Por diversas vezes tenho ressaltado que a ideia de reinos na Quimbanda nasce
da ideia de linhas de trabalho dos espíritos da Macumba carioca.
A primeira abordagem literária sobre essas linhas de trabalho já na
Umbanda, aparece no livro de Leal de Souza, O Espiritismo, a Magia e as Sete
Linhas de Umbanda, de 1925. A própria ideia de Quimbanda como um sistema
de magia nasce, também, como uma derivação da ideia de linhas de
trabalho, a Linha Africana regida por São Cipriano.
Por um momento pense no
imaginário de Leal de Souza ao congregar em uma linha de trabalho o
fetichismo mágico congolês aliado ao espiritismo (ou baixo espiritismo a
partir dessa junção), com a necromancia ibérica de O Livro de São Cipriano.
Essa é a origem real da Quimbanda, uma origem cipriânica. Leal de Souza não usa
o nome Quimbanda, mas chama de linha negra ou magia negra, onde
diz: os despachos aos elementos da Linha Negra, isto é, a Exu, ao povo da
Encruzilhada, são feitos nos lugares que lhe deu essa designação.[2]

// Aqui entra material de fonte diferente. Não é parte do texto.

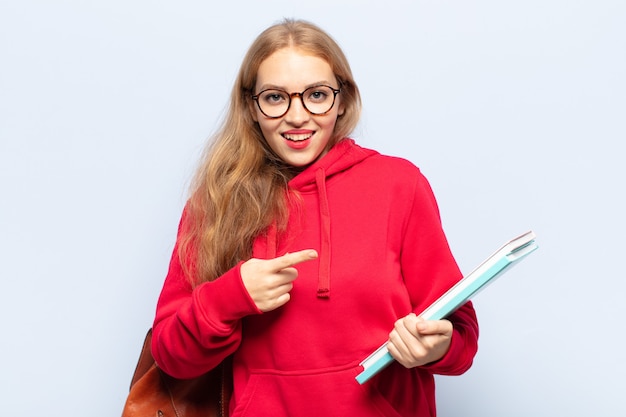 Femme blonde à la recherche excitée et surprise en pointant vers le côté et vers le haut pour copier l'espace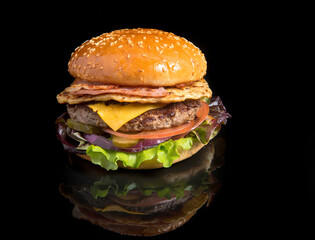 juicy burger with beef, cheese, tomato and green salad on a black background with reflection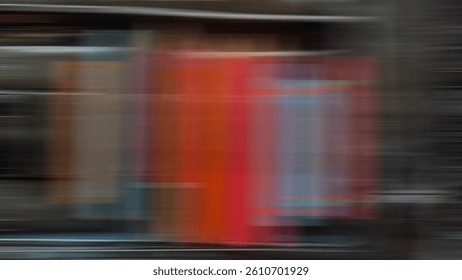 Abstract streaking motion blur over red books creates a trail suggesting fast movement in a literature theme.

A ideia de um tipo ou qualidade
de trabalho mágico designado de magia negra foi a associação da feitiçaria
fetichista congolesa com as ideias correntes do espiritismo e a necromancia ibérico-cipriânica,
rotulada como baixo espiritismo e ganhando equivalência com o corpo
mágico desenvolvido pela Macumba carioca. E é interessante que nessa passagem
de Leal de Souza Exu esteja associado diretamente as encruzilhadas. Nascia aqui
na Linha Africana a protoideia do reino das encruzilhadas
que apareceria somente com Fontenelle na década de 1950.
Mas Leal de Souza também cria a
protoideia do reino do cemitério que também só apareceria em
Fontenelle, associando a ele a ação de espíritos maléficos: Localiza-se nos
cemitérios uma vasta massa de espíritos inconscientes, semi-inconscientes; ou
tendo uma noção confusa da morte e fazendo um conceito errôneo de sua triste
condição: – é o chamado povo do cemitério.[3] E
a própria ideia do tipo de trabalho característico dessa Linha Africana
que viria a se tornar a Quimbanda também já era descrita pelo autor: Na
noite das grandes meditações piedosas, quando através de oceanos e continentes,
a cristandade comemora, com sentimento uníssono, o martírio de Jesus, o Cristo,
é que se fazem os mais funestos despachos macabros da banda negra. Violam-se
túmulos, roubam-se cadáveres, profana-se a maternidade, em operações de magia
sobre o ventre de mulheres grávidas, e uma onda sombria de maldade se alastra,
espalhando o sofrimento e o luto.[4]
Muito embora essa descrição possa parecer em grande parte fruto da imaginação
de Leal de Souza, ela reflete uma prática comum que hoje existe na Quimbanda,
herança das antigas Macumbas cariocas: os trabalhos de Semana Santa.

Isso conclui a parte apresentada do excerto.